Assignment: Below is a listing; restate from it, character for character, the lines beginning at the line holding "Chặn sách kim" and ending at the line holding "Honeycomb blue origami", both included.

********************

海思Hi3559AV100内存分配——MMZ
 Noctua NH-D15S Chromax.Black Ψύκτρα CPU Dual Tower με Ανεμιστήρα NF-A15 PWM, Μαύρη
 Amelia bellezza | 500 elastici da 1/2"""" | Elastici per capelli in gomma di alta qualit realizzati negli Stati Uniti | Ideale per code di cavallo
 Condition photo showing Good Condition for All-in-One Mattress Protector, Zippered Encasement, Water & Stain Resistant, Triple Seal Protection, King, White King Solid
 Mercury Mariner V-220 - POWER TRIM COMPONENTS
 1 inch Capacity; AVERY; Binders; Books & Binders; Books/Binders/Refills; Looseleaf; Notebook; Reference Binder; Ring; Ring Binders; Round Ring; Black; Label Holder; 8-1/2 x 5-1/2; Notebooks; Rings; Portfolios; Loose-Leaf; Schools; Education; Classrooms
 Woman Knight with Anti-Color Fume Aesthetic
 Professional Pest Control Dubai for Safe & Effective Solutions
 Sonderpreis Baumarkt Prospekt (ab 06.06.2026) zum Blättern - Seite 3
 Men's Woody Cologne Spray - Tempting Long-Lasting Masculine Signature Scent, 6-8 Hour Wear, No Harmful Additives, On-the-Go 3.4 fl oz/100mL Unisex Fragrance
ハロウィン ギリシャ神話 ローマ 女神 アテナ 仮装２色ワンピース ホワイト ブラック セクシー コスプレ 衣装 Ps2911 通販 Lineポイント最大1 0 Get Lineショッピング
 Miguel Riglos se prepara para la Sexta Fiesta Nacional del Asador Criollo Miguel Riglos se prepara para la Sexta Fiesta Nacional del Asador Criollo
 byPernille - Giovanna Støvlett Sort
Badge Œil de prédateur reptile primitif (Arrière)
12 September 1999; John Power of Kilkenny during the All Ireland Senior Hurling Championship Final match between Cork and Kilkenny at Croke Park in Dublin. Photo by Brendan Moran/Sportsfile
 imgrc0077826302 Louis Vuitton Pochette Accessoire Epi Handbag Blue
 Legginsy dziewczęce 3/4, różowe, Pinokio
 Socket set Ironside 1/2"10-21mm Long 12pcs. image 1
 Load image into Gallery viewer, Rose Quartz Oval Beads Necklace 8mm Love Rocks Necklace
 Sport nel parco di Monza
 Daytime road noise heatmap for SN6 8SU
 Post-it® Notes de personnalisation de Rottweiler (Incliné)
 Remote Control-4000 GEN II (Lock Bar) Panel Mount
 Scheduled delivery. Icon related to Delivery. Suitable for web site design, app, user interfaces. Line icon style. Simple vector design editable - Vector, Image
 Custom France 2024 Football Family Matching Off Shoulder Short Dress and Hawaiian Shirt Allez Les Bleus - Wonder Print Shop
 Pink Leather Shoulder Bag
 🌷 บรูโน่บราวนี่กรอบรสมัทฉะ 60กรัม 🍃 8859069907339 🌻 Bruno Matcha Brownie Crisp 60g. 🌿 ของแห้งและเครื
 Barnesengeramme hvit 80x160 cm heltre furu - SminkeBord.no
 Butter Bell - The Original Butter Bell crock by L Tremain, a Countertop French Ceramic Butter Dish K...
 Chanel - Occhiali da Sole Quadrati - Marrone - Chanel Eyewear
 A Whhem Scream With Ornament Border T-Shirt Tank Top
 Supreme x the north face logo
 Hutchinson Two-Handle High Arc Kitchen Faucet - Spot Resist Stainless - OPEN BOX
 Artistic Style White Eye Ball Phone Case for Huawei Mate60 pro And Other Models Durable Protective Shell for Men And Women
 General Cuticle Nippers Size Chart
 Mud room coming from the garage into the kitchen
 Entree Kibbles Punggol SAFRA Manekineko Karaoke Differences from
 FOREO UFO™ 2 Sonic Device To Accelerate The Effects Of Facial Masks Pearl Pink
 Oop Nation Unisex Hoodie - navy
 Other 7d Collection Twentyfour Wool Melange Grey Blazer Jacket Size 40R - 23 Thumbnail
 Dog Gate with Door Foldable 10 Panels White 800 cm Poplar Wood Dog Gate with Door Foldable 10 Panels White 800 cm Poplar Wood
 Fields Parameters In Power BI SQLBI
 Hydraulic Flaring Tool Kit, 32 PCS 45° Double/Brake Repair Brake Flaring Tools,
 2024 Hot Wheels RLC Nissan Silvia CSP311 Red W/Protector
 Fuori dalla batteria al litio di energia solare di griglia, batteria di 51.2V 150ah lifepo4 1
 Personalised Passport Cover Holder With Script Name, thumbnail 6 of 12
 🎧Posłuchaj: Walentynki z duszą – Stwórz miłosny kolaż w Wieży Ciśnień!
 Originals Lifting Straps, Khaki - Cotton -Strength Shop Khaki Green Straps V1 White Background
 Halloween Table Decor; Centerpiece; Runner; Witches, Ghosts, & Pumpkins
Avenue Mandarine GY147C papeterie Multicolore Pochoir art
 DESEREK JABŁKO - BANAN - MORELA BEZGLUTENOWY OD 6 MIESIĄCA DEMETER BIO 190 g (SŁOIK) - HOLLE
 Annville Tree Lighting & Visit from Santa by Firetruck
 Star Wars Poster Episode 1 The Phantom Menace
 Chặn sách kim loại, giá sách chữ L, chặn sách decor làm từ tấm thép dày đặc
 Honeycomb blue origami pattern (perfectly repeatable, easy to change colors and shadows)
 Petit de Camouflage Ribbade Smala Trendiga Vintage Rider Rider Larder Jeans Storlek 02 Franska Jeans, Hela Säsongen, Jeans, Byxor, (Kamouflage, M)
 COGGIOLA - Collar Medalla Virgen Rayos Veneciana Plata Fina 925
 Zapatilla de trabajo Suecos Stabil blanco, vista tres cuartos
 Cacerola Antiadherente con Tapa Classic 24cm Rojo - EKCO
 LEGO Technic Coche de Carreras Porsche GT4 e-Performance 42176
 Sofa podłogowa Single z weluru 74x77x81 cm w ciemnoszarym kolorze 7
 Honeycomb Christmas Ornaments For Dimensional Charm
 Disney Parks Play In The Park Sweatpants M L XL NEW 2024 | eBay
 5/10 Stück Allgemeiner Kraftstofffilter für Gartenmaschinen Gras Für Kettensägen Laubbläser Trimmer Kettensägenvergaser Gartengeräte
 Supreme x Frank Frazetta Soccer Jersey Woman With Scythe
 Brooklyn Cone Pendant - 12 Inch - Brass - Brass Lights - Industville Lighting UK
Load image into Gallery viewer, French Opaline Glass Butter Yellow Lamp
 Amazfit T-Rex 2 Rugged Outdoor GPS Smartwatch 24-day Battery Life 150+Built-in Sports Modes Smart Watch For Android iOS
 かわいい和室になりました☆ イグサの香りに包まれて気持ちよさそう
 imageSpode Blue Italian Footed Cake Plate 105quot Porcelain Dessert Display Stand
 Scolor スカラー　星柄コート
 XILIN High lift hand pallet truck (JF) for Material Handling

********************

Solution to this exercise:
 Chặn sách kim loại, giá sách chữ L, chặn sách decor làm từ tấm thép dày đặc
 Honeycomb blue origami pattern (perfectly repeatable, easy to change colors and shadows)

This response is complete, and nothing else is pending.